Navigating the path of divorce often appears fraught with misconceptions. These common misunderstandings can add unnecessary stress to an already challenging process. In New Jersey, some misconceptions tend to persist more than others.
Setting the record straight can alleviate undue concerns and assist those considering divorce in making informed decisions. Here are several common misconceptions clarified.
A spouse needs to prove fault to file for divorce
New Jersey allows for no-fault divorce, meaning that a spouse does not need to prove any wrongdoing by the other party to file for divorce. The most common grounds for a no-fault divorce include irreconcilable differences or separation for at least 18 consecutive months.
Alimony lasts forever
While alimony can sometimes last for many years, it does not always last indefinitely. The duration of alimony payments depends on various factors, including the length of the marriage and the financial independence of both parties.
Children get to choose which parent they want to live with
The court decides custody based on the best interest of the child, taking into consideration the child’s age, the parents’ stability and other relevant factors.
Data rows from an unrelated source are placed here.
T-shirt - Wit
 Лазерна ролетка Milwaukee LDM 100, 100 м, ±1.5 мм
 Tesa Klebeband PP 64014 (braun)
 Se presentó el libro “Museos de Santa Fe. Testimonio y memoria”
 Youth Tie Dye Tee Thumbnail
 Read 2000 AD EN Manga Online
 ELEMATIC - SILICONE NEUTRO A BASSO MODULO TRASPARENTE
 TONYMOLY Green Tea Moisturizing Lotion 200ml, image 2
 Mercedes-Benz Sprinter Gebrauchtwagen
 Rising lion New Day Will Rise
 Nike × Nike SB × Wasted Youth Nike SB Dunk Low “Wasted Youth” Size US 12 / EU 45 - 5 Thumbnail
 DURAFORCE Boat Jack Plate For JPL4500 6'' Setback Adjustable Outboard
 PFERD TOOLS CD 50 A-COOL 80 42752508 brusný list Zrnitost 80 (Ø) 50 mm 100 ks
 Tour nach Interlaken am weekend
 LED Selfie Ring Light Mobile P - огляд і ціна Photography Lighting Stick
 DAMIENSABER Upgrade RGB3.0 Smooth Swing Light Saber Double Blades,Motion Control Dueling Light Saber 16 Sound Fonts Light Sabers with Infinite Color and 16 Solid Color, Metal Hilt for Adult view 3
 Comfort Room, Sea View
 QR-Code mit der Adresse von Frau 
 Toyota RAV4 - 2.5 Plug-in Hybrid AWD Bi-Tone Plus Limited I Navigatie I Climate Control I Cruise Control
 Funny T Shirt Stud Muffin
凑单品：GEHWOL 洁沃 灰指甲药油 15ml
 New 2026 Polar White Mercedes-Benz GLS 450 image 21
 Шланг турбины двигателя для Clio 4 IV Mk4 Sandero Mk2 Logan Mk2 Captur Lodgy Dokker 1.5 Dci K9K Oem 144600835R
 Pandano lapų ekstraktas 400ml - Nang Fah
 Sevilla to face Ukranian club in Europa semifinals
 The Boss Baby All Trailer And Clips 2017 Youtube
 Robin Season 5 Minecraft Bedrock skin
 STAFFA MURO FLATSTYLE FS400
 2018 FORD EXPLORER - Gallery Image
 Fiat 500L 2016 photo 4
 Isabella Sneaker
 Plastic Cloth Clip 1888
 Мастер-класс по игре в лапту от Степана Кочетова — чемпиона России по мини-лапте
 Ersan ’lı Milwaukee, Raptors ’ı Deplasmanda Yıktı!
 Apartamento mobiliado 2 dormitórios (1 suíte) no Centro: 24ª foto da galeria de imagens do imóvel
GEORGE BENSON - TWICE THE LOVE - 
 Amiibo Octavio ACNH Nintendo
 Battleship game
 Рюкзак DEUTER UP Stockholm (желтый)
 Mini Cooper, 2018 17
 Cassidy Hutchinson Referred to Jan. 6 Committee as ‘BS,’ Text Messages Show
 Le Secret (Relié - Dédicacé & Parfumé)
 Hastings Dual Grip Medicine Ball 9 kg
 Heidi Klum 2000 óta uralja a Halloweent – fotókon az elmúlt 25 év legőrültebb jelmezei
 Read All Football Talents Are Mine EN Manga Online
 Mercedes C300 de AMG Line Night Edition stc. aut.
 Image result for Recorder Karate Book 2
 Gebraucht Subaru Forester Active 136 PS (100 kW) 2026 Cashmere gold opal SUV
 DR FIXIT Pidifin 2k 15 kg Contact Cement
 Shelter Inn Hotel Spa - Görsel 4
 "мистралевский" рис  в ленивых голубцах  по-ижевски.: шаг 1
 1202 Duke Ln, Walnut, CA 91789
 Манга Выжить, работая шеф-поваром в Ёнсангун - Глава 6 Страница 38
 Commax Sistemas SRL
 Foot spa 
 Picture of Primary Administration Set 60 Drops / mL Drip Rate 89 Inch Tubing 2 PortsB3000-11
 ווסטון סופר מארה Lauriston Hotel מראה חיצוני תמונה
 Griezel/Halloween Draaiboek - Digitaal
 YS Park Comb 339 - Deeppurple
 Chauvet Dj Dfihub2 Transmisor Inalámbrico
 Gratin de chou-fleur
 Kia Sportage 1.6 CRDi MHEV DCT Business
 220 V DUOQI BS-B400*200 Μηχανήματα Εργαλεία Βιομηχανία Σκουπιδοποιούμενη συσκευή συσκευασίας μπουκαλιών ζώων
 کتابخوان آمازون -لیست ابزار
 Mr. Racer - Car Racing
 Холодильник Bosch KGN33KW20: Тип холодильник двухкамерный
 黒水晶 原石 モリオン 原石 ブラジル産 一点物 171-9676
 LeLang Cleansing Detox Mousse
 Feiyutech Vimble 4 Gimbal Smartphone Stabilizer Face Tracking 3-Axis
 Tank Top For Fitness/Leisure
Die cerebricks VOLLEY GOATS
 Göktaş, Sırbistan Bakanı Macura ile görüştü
While the court can consider the preference of an older child, it does not solely determine the outcome.
Divorce always ends in court
Many divorces can use alternative dispute resolution methods, such as mediation or arbitration to resolve problems. These methods can often be less adversarial, less time-consuming and less costly than going to court.
Equitable distribution means assets get divided equally
Equitable distribution, which New Jersey follows, means a fair distribution, but not necessarily equal. The court considers several factors, like the length of the marriage, the income or property brought into the marriage by each spouse and the standard of living established during the marriage, among others, to decide on a fair distribution.
Divorce is a complex process that affects everyone differently. Knowledge, in this case, indeed equals power—the power to navigate the process with confidence and to ensure fair outcomes for all parties involved.